New Moore, why is it that when I'm finally in an environment positively rife with material for a film, the camera crew decides to abandon me?
I can't say I'm surprised. What does
Josh do that's so interesting? Oh, I'm sorry, did I say interesting? I meant GOOD FOR GENERATING FISCAL REVENUE FOR CAPITALIST PIGS WITH LAVISH LIFESTYLES. Yes, camera crew, I'm onto you!
Josh isn't going around creating sexual attention. You're sent directly from the UNIVERSITY OF ART AS BUREAUCRACY. You're only interested in one thing: CASH. And what brings cash? SMASH. And what makes a smashing sound? NUBILE ADOLESCENT BODIES ORBITING EACH OTHER IN THE SPACE OF RELATIONSHIPS UNTIL THEY FINALLY
SMASH. Fine! Go! Leave me! Go follow my friends on their adventures with hormones and beer bongs and pregnancy scares! I will be here making my ART.

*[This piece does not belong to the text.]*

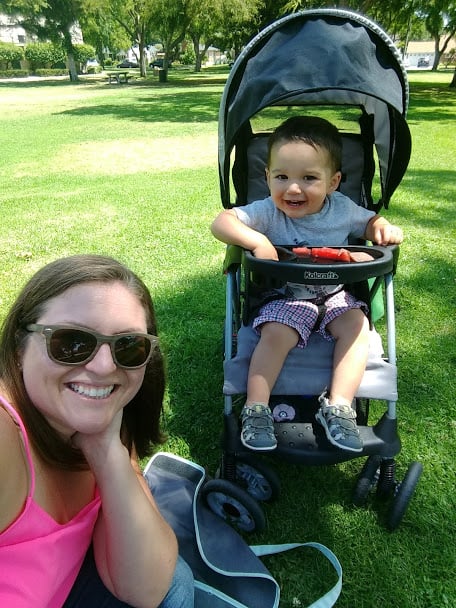 Salty momma Jaymi sitting with her son. Toddler is in a stroller in a Park setting.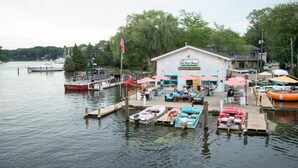 A waterfront restaurant with outdoor seating, docked boats, and a flag. - Maplewood Hotel (Saugatuck)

That's right, New Moore. You are in the presence of a true artist. I still have my camera, and now I'm turning it on
you. You were fictional your whole life? Then you should be used to this. Stop wincing. Stand up straight. Shoulders back, head up, truth on your face. Are you ready for your close up?
Do I care?
Do you care?
Does anyone care?
Does anyone care about art?
WHAT IS ART?
WHAT IS(LAND) ART?
I believe we've stumbled onto a new project, New Moore.
P.S. Michael, if you are hiding somewhere, do come out already. My new roommate is inferior.